The unanimous June 5 decision not to revisit those forced concessions came two days after passage of Assembly Bill 503, Assembly Speaker Marilyn Kirkpatrick’s controversial effort to ensure the city’s solvency.
The bill, derided by opponents as a bailout, allows city leaders to dip into a $31 million sewer repair fund to restore police, fire and other public safety services while picking up part of the tab on once browned-out libraries and recreation centers.
It also has a lot to do with City Council members’ earlier decision to push back a vote on last year’s union pay freezes, according to City Manager Tim Hacker.
“As we were working with (state) legislators, there was a concern raised about the appearance of having that on the agenda the first week in June while we were still working to get AB503 passed,” Hacker said. “They just asked if there was still time to review the item, and there is.”
Kirkpatrick, D-North Las Vegas, has called AB503 the city’s “last chance” to avert a state takeover of city finances.

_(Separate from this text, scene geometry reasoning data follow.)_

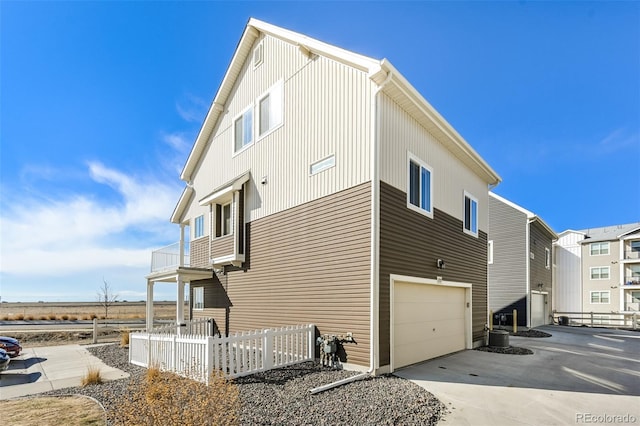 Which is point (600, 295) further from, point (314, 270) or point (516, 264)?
point (314, 270)

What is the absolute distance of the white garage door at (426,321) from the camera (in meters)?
8.96

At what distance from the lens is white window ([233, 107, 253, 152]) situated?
43.5 feet

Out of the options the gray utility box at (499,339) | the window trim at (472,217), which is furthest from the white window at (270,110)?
the gray utility box at (499,339)

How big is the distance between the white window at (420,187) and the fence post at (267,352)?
4.86m

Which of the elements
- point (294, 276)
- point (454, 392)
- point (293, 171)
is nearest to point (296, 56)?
point (293, 171)

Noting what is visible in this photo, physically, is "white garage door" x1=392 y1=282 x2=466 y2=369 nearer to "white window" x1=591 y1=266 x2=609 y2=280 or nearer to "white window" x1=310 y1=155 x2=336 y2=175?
"white window" x1=310 y1=155 x2=336 y2=175

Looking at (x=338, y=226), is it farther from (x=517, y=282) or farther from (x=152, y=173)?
(x=517, y=282)

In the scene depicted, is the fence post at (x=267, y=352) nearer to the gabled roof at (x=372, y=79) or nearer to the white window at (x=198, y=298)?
the gabled roof at (x=372, y=79)

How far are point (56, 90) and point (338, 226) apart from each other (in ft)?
28.7

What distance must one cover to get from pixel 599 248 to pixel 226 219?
3627 cm

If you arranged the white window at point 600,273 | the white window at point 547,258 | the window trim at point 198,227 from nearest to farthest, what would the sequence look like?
the window trim at point 198,227 → the white window at point 547,258 → the white window at point 600,273

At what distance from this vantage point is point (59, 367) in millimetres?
10438

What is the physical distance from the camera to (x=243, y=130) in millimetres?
13703

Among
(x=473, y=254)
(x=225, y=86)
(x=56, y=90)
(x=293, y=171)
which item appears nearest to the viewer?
(x=56, y=90) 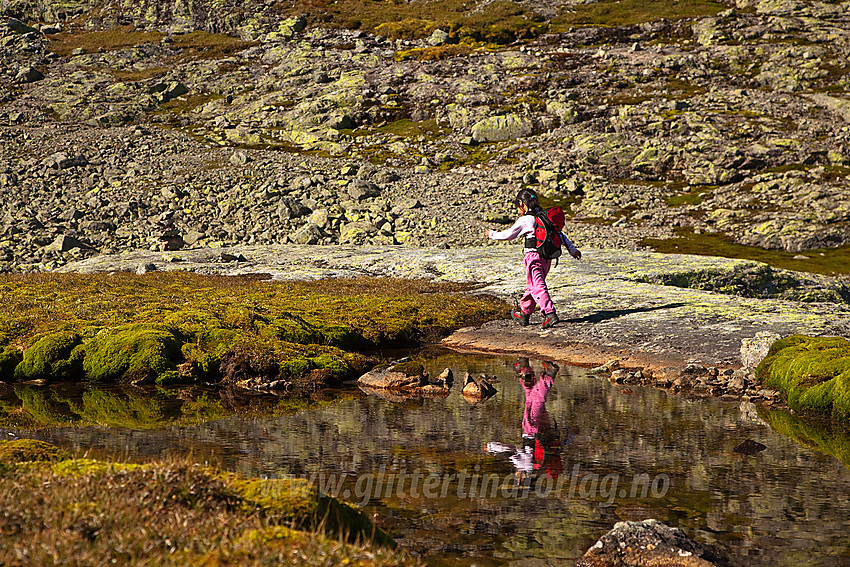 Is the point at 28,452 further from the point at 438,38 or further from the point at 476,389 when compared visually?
the point at 438,38

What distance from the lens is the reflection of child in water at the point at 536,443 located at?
10.9 m

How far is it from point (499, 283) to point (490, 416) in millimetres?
28409

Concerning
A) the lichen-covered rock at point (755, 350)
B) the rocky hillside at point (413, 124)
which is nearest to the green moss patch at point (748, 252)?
the rocky hillside at point (413, 124)

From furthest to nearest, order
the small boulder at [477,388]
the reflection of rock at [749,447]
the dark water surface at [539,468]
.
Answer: the small boulder at [477,388] → the reflection of rock at [749,447] → the dark water surface at [539,468]

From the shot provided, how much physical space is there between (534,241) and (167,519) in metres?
20.4

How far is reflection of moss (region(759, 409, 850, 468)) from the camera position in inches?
483

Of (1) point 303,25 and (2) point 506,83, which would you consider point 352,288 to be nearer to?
(2) point 506,83

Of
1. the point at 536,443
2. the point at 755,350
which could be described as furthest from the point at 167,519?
the point at 755,350

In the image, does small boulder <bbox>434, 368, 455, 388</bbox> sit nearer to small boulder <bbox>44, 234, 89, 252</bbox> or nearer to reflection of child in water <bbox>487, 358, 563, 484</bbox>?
reflection of child in water <bbox>487, 358, 563, 484</bbox>

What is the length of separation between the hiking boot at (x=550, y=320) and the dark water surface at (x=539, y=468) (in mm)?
9865

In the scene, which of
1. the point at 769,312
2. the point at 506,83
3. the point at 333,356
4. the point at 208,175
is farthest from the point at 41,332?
the point at 506,83

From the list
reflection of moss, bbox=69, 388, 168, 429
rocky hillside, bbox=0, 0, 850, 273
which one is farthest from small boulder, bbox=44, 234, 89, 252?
reflection of moss, bbox=69, 388, 168, 429

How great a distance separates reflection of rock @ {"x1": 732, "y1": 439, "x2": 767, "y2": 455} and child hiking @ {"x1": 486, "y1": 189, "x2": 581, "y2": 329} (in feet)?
40.0

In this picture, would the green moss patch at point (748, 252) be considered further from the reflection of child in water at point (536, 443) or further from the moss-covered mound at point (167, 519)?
the moss-covered mound at point (167, 519) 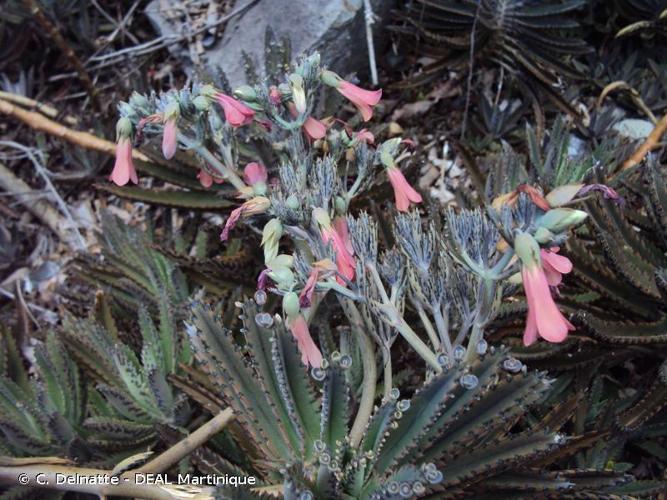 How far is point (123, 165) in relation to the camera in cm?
135

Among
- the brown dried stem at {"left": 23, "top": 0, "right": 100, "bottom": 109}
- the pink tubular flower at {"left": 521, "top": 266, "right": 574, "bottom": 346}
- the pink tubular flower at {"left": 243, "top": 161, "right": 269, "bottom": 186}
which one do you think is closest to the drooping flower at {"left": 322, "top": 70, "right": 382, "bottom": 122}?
the pink tubular flower at {"left": 243, "top": 161, "right": 269, "bottom": 186}

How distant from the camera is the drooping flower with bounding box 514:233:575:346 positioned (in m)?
0.92

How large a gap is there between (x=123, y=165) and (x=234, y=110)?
26cm

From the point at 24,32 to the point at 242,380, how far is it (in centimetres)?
223

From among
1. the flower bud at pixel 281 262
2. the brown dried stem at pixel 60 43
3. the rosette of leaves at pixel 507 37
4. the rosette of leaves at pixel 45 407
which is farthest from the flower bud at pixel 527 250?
the brown dried stem at pixel 60 43

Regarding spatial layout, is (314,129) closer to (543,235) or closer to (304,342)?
(304,342)

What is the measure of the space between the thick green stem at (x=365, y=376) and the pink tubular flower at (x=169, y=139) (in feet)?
1.49

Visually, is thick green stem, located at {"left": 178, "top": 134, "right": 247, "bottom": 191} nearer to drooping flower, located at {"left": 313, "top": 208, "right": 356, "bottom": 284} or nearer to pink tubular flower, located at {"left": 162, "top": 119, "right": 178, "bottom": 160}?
pink tubular flower, located at {"left": 162, "top": 119, "right": 178, "bottom": 160}

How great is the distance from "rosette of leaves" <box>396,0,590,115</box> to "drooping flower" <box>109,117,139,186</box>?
127 cm

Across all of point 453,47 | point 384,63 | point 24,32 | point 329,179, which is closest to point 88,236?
point 24,32

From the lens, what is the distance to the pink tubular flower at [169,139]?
130 cm

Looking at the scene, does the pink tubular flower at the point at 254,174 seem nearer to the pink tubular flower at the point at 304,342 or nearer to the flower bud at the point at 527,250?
the pink tubular flower at the point at 304,342

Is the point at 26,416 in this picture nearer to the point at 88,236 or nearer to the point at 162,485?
the point at 162,485

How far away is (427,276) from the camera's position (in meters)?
1.18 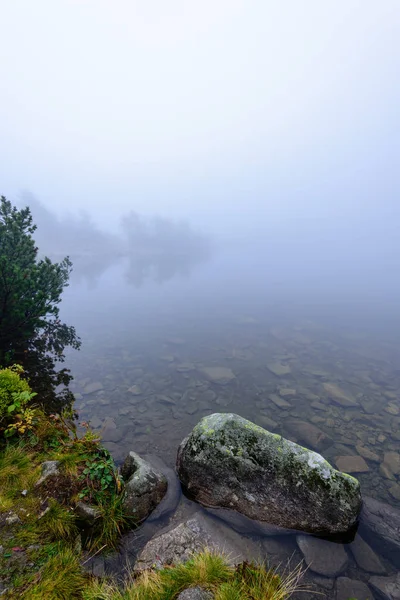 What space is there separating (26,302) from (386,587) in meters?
12.9

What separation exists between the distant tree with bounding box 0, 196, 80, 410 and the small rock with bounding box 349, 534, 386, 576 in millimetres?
10304

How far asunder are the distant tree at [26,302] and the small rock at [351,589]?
10.0 m

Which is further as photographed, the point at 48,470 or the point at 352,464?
the point at 352,464

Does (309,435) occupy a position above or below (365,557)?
above

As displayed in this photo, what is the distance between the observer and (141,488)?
5.80m

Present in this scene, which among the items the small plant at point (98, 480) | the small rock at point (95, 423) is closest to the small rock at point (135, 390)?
the small rock at point (95, 423)

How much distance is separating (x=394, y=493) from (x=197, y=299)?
3320cm

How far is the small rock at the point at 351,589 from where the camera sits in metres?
4.59

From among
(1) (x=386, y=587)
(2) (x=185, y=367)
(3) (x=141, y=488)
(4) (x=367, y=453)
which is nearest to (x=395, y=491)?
(4) (x=367, y=453)

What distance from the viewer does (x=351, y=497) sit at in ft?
18.1

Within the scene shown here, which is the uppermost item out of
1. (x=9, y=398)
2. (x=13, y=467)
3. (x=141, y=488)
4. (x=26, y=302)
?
(x=26, y=302)

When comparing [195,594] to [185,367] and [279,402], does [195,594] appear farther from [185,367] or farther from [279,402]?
[185,367]

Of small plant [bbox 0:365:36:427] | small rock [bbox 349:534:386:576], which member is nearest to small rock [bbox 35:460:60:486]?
small plant [bbox 0:365:36:427]

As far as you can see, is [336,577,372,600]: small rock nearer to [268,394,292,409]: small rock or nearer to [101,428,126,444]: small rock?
[268,394,292,409]: small rock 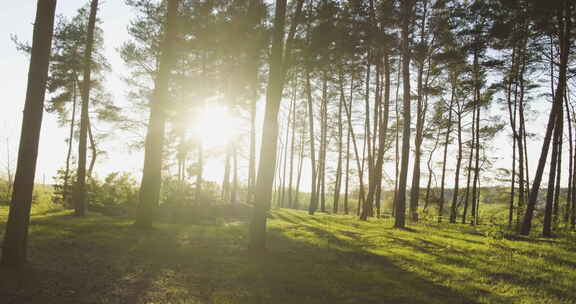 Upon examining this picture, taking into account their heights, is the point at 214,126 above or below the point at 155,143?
above

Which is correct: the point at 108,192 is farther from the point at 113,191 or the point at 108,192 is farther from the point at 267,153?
the point at 267,153

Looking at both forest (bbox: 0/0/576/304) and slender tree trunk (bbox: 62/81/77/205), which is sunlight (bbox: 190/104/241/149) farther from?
slender tree trunk (bbox: 62/81/77/205)

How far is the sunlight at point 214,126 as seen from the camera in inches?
755

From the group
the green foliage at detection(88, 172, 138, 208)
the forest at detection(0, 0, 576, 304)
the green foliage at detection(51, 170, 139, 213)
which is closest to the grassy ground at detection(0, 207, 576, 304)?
the forest at detection(0, 0, 576, 304)

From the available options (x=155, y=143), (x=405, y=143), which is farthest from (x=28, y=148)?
(x=405, y=143)

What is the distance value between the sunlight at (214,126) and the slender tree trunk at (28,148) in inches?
542

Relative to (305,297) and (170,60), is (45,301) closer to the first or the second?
(305,297)

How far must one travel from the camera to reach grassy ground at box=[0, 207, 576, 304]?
4.59 metres

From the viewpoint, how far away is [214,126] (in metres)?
20.2

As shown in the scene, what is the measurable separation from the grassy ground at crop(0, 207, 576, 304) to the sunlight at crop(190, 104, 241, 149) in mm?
10716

Hacker was a little more cautious.
“I don’t see it that way, because there’s so many different triggers that come into play to justify the state coming in,” he said. “It’s a limited pot, and they only gave us four years to use these additional dollars, and we have to go back in two years to show how we’re using it.
Council members face an estimated $19 million deficit in fiscal year 2014, with city employee salaries accounting for more than two-thirds of overall expenses.
City officials now look set to pay down a chunk of this year’s $14.5 million general fund deficit using sewer repair funds, leaving a combined $4 million in red ink in the city’s library and public safety funds.
With city reserves exhausted — and steep declines in property tax revenue expected to outlive a four-year sunset provision written into AB503 — city leaders may be looking for another budget life raft as soon as 2017.
That means Hacker and others will still seek an urgent return to the bargaining table.
“We are functioning very well having redeployed our resources and using our manpower in a more efficient way,” outgoing Mayor Shari Buck said last month.
“In an ideal world, we’d be able to restaff, but with the way our budget looks right now, a lot depends on if (the unions) want to offer concessions.”
North Las Vegas City Council members plan to revisit the city’s fiscal emergency pay suspensions at 6 p.m. June 18 in the City Council chambers, 2250 Las Vegas Blvd. North.
City leaders look to reconvene for a regularly scheduled meeting at the same time June 19.